AI is strong at: reading and summarising; analyzing code; following complete instructions; searching and cross-referencing at scale; mechanical refactoring; verifying cited claims against the code; translating between representations; spotting pattern divergence; generating structured first drafts; comparing alternatives systematically; mechanical hygiene (lint, dead-link sweeps, broken-import sweeps, repeatedly, without getting bored).

AI is poor at: visual judgement; predicting how real users will behave; multi-day planning with real-world feedback loops; knowing when to stop tinkering.

A first-principles framework — rules → tests → code — plays to the strengths and corners off the weaknesses.

the commitment

Every change to the project is governed by the rules above.
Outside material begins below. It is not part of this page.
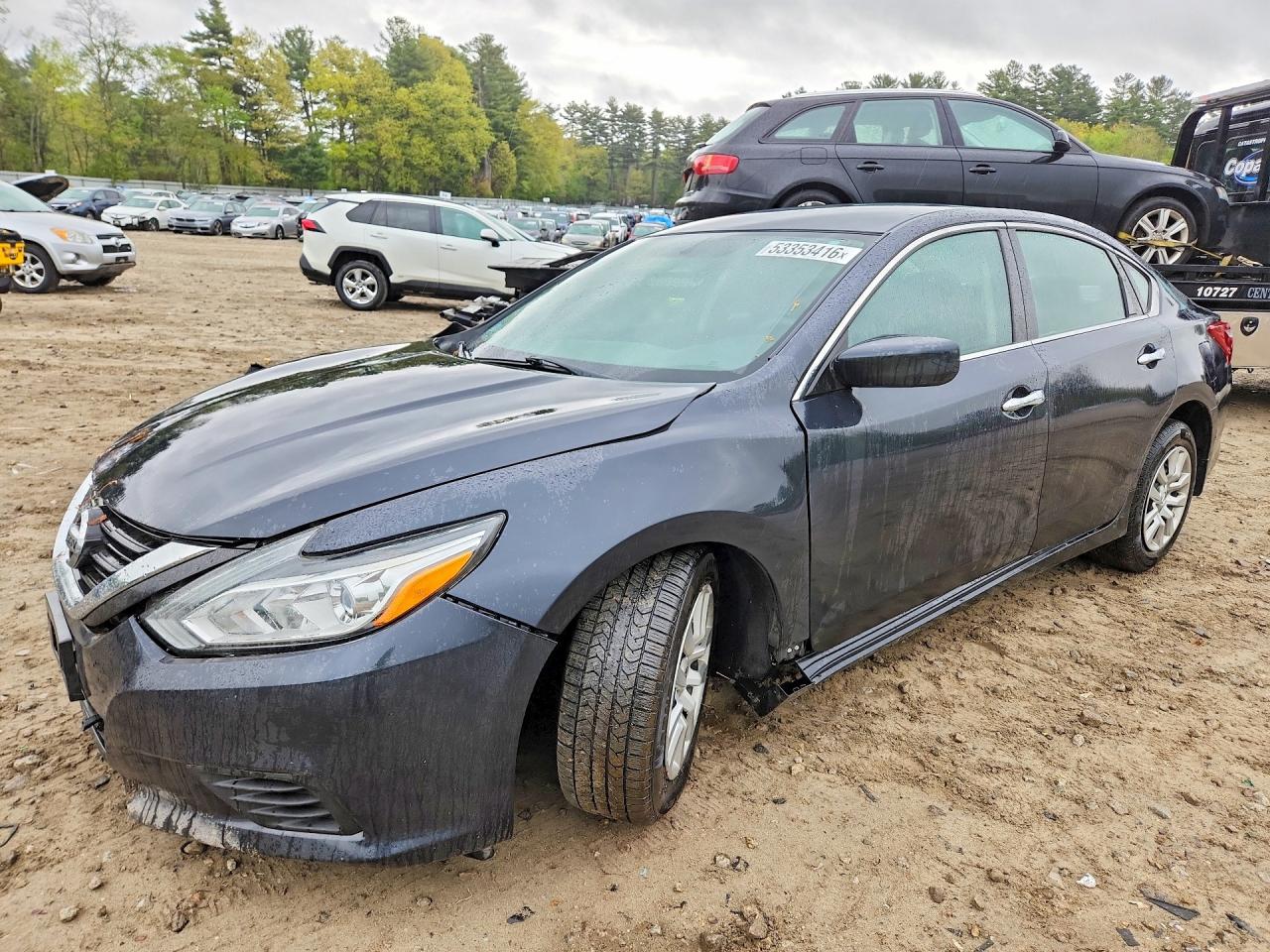 2018 NISSAN ALTIMA 2.5 S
No shortcut, no exception, no "just this once". When the rules and reality conflict, the rules win and the conflict is logged for review at the next re-read. The rules can be amended — but only through the same propose-first cycle they describe.

adherence dashboard

A small auto-generated dashboard scores the project against the process on every build. Four gated metrics:

  • Coverage by area — every audited area at one rule per module or higher.
  • Test binding — zero uncovered rules.
  • Orphan tests — zero tests pointing at rules that do not exist.
  • Build-gate — green right now.

Three hand-recorded metrics, captured in adherence log.md, one append-only line each:

  • Re-read recency — date of last sweep, drifters surfaced, drifters resolved.
  • New-work compliance — per merged change: did a rule land first, did a test land alongside, did a passing run precede merge.
  • Failure triage — per failure: outcome (code wrong, rule wrong, both wrong, unclear-pause), ticket reference.

The auto dashboard lives at adherence dashboard.md, regenerated by yarn adherence. The reading guide is at dashboard guide.md.
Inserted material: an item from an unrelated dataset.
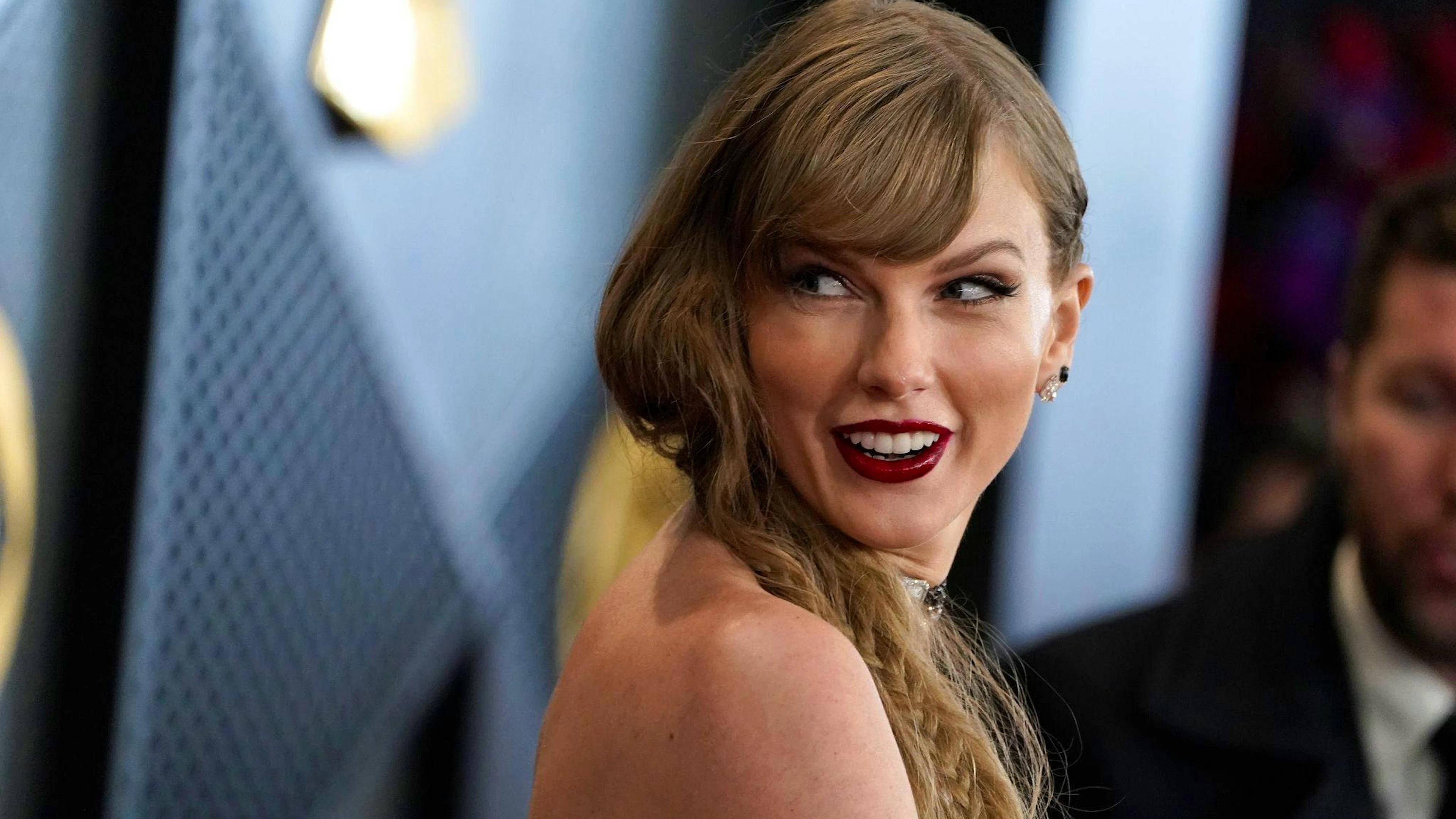Soll laut Channing Tatum eine gute Köchin sein: Sängerin Taylor Swift. 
We deliberately do not measure the visual or emotional quality of any feature (those live in the design-notes register, never gated by the build), or the collaborator's per-turn behavior (cadence and propose-first compliance is a human-side observation; logged only when a violation surfaces).

adding a new rule

When a new rule lands — from feature work or from an audit sprint that exposes a missing invariant — eight steps:

  1. Pick the area. If feature work is touching a module, migrate every rule that names it. Otherwise pick the next un-audited area on the dashboard. Never migrate speculatively.
  2. Give the rule a short hyphenated name. Ties to the rule's intent, not its current spelling. Unique across the catalogue.
  3. Find or write the proving test. One rule per test, small enough to read on one screen, named after the rule.
  4. Add a test: pointer line under the rule prose. The extractor checks the file resolves.
  5. Add a code: pointer line under the rule prose. The line range is the smallest span that proves the rule.
  6. Add a stipulation: back-pointer on the test entry in the test index.
  7. Audit the area when fully covered. Count its load-bearing modules and update areas.json. The dashboard switches that area from "not yet audited" to a real coverage figure.
  8. Run yarn adherence. Confirm the rule lands in the matched count with zero uncovered, orphan, or malformed.

A rule that mixes the old and new shape is flagged malformed; the extractor's exit code fails the build, so it never lands silently. The fixture validator at node notes/tools/validate-adherence.mjs re-runs on demand and confirms the parser still behaves correctly.